Detalhes bibliográficos
Ano de defesa: 2022
Autor(a) principal: Oliveira, Angelo Schranko de lattes
Orientador(a): Sassi, Renato José lattes
Banca de defesa: Sassi, Renato José lattes, Lopes, Fábio Silva lattes, Silva, Leandro Augusto da lattes, Dias, Cleber Gustavo lattes, Martins, Fellipe Silva lattes
Tipo de documento: Tese
Tipo de acesso: Acesso aberto
Idioma: eng
Instituição de defesa: Universidade Nove de Julho
Programa de Pós-Graduação: Programa de Pós-Graduação em Informática e Gestão do Conhecimento
Departamento: Informática
País: Brasil
Palavras-chave em Português:
Palavras-chave em Inglês:
Área do conhecimento CNPq:
Link de acesso: http://bibliotecatede.uninove.br/handle/tede/3096
Resumo: In the current world, whereby almost everything is digitized, cybercrime is on the rise as criminals continue to develop new ways to hack information systems. One of main tools used for cybercrime operations are malware, or malicious software.
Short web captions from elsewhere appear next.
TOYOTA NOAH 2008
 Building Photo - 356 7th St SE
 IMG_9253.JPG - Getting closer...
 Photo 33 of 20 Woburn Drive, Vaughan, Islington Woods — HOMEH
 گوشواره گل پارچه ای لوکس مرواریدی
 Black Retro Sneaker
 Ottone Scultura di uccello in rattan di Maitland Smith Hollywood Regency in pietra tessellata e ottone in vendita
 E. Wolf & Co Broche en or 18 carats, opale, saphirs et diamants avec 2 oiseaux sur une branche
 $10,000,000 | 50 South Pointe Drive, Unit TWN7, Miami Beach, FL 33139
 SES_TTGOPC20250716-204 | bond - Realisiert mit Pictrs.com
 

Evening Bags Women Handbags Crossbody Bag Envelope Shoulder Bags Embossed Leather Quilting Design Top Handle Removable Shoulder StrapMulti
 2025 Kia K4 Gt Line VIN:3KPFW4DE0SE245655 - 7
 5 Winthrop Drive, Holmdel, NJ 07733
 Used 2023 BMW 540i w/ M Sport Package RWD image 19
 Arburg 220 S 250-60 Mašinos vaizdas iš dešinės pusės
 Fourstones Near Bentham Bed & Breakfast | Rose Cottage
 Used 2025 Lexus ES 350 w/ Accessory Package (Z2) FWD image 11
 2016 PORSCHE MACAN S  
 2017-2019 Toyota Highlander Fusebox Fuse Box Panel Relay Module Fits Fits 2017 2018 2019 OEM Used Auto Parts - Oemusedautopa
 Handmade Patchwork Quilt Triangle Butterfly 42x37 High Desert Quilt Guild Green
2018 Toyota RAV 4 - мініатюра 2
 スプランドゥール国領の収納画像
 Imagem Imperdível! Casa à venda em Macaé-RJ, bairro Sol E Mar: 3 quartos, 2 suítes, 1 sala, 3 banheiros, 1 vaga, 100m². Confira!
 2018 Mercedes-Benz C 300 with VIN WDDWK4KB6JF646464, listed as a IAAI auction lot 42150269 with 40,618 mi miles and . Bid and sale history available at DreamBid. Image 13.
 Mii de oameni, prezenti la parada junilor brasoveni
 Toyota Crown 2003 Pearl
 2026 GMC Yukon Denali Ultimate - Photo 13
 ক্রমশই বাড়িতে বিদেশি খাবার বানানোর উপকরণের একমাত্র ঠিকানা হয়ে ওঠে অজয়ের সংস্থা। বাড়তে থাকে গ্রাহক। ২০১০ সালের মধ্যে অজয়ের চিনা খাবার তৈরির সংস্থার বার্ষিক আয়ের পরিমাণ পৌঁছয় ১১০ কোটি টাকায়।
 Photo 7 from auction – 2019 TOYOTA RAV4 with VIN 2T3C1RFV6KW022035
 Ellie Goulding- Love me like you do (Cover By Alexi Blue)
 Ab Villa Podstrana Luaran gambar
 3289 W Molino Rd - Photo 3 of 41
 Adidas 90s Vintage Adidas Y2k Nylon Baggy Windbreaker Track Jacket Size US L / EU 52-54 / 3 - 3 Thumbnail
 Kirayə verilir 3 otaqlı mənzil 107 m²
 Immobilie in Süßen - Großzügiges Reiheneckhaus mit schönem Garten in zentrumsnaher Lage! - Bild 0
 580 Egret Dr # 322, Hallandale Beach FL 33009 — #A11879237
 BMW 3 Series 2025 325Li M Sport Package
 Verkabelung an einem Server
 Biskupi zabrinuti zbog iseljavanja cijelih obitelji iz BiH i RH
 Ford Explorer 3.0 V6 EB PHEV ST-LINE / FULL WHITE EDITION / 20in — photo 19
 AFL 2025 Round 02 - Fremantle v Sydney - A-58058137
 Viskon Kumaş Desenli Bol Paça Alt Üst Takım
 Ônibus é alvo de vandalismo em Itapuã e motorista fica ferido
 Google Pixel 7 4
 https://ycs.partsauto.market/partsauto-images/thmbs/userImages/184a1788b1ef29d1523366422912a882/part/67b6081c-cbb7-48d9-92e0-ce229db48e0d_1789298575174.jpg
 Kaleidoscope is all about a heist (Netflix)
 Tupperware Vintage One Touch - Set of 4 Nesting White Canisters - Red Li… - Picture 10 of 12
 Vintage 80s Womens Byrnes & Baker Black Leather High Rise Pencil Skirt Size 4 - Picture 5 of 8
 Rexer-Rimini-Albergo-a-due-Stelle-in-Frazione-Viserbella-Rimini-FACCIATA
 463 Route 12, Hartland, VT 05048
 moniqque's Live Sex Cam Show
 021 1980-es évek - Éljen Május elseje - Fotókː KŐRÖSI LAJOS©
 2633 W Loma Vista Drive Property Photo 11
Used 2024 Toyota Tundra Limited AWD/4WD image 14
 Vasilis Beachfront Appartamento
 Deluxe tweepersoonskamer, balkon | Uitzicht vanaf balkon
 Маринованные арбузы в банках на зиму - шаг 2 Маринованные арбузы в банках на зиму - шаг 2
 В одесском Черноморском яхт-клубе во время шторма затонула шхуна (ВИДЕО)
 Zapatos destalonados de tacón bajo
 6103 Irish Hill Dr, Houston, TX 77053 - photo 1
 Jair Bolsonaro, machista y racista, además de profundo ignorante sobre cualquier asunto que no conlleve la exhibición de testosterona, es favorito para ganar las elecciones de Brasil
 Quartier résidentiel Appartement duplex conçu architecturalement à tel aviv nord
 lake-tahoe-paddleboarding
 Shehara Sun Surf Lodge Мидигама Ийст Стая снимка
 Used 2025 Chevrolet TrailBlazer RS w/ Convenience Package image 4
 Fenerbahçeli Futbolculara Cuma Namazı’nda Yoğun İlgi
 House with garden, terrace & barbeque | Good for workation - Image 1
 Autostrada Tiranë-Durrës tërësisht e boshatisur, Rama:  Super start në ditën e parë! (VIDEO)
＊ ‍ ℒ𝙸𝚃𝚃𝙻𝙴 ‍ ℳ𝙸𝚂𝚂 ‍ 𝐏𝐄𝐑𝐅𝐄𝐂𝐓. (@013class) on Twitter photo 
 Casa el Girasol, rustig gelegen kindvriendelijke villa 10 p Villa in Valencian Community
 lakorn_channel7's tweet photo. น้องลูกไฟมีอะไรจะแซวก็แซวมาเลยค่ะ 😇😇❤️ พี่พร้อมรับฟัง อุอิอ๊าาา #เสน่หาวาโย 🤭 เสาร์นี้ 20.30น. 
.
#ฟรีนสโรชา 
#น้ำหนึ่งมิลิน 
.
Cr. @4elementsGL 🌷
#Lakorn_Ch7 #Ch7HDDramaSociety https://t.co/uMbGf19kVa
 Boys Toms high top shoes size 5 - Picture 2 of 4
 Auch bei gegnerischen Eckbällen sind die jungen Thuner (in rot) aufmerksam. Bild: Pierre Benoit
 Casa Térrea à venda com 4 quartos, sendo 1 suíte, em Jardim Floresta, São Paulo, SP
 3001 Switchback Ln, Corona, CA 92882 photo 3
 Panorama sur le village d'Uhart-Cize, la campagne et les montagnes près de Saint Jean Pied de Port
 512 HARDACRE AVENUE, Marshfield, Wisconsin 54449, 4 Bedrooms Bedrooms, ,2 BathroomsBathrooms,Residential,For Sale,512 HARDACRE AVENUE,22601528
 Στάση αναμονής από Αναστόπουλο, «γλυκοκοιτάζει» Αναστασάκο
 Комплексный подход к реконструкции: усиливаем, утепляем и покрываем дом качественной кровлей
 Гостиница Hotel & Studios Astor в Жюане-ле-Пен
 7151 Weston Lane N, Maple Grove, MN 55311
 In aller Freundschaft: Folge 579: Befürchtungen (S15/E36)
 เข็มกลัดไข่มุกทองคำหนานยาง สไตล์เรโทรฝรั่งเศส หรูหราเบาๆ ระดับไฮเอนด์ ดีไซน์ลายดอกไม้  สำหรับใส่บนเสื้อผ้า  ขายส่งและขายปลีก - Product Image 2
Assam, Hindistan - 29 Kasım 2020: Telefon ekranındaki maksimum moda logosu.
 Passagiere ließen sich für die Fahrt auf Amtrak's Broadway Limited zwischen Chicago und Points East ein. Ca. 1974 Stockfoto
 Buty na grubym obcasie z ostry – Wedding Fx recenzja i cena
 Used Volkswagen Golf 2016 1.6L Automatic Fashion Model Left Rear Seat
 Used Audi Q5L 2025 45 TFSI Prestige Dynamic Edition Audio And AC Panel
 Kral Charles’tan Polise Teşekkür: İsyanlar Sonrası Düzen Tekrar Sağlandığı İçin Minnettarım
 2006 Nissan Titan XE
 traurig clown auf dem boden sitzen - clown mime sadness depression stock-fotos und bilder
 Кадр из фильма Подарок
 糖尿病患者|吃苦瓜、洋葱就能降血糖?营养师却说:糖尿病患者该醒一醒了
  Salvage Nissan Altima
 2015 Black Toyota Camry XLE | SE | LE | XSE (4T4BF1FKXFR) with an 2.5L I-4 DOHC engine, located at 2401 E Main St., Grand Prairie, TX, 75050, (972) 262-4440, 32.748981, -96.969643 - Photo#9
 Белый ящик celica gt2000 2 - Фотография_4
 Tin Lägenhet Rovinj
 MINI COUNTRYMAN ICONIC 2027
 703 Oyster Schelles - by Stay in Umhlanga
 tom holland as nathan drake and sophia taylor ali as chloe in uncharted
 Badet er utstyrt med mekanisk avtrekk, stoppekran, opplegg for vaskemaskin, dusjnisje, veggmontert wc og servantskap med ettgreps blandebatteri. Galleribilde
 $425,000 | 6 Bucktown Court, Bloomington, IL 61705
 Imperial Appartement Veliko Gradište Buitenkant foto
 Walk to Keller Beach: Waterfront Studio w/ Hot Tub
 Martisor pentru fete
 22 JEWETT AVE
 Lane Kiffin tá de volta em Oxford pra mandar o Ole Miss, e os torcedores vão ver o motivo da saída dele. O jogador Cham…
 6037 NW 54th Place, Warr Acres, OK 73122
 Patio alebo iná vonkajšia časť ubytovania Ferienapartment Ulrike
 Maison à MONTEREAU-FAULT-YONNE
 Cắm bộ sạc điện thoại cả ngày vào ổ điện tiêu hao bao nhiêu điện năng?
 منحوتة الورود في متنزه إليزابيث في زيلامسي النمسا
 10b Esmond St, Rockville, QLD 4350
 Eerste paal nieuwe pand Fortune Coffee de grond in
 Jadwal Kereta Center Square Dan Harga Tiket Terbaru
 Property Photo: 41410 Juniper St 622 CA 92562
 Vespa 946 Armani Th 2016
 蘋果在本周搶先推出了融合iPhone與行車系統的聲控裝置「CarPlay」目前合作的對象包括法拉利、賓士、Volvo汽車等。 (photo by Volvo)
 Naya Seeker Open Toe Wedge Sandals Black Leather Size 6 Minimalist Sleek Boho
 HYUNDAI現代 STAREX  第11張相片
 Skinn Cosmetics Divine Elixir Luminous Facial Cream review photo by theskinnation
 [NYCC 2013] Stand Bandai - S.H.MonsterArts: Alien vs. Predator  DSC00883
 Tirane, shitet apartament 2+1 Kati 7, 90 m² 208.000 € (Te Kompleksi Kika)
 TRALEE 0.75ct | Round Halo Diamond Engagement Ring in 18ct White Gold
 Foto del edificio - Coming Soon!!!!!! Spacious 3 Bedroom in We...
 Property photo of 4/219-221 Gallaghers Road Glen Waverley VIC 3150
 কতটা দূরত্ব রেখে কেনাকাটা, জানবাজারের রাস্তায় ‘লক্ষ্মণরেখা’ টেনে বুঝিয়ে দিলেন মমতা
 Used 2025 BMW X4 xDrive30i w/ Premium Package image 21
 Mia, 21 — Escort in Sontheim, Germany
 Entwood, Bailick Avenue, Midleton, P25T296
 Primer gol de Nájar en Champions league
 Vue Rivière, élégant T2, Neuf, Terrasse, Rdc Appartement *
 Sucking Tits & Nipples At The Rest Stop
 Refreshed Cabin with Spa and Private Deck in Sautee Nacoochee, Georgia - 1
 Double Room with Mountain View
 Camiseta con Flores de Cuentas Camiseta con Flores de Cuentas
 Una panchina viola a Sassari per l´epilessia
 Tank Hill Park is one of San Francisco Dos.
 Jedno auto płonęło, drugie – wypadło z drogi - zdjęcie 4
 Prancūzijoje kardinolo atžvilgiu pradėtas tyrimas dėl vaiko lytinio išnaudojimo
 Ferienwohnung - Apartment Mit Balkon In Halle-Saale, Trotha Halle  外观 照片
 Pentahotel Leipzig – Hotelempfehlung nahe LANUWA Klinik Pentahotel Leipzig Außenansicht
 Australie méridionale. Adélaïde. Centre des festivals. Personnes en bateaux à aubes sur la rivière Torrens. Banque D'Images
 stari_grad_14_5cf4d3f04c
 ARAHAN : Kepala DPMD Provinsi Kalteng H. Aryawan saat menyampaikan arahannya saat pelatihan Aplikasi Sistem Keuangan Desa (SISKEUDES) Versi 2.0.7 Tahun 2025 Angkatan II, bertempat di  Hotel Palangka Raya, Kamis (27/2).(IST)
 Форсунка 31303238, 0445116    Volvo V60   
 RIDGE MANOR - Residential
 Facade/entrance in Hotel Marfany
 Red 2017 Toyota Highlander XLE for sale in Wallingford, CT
Malware detection is a challenging problem that has been actively explored by both the industry and academia using intelligent methods. On the one hand, traditional Machine Learning (ML) malware detection methods rely on manual feature engineering that requires expert knowledge. On the other hand, Deep Learning (DL) malware detection methods perform automatic feature learning but usually require much more data and processing power. Moreover, there are multiple data modalities of Malware Analysis (MA) data that can be used for detection purposes. Thus, the general objective of this dissertation was to develop and evaluate a new Android malware detection method, named Chimera, based on Multimodal Deep Learning (MDL) and Hybrid Analysis (HA), using different data modalities and combining both manual and automatic feature engineering in order to increase Android malware detection rate. To train, optimize, and evaluate the models, the Knowledge Discovery in Databases (KDD) process was implemented using a new dataset based on the publicly available Android benchmark dataset Omnidroid containing Static Analysis (SA) and Dynamic Analysis (DA) data extracted from 22000 real malware and goodware samples. By leveraging a hybrid source of information to learn high-level feature representations for both the static and dynamic properties of Android applications, Chimera’s performance outperformed its unimodal DL subnetworks, classical ML methods, and Ensemble ML methods, thus, the results of this dissertation show that the right combination of multimodal data, specialized DL methods, manual and automatic feature engineering can significantly increase Android malware detection rate.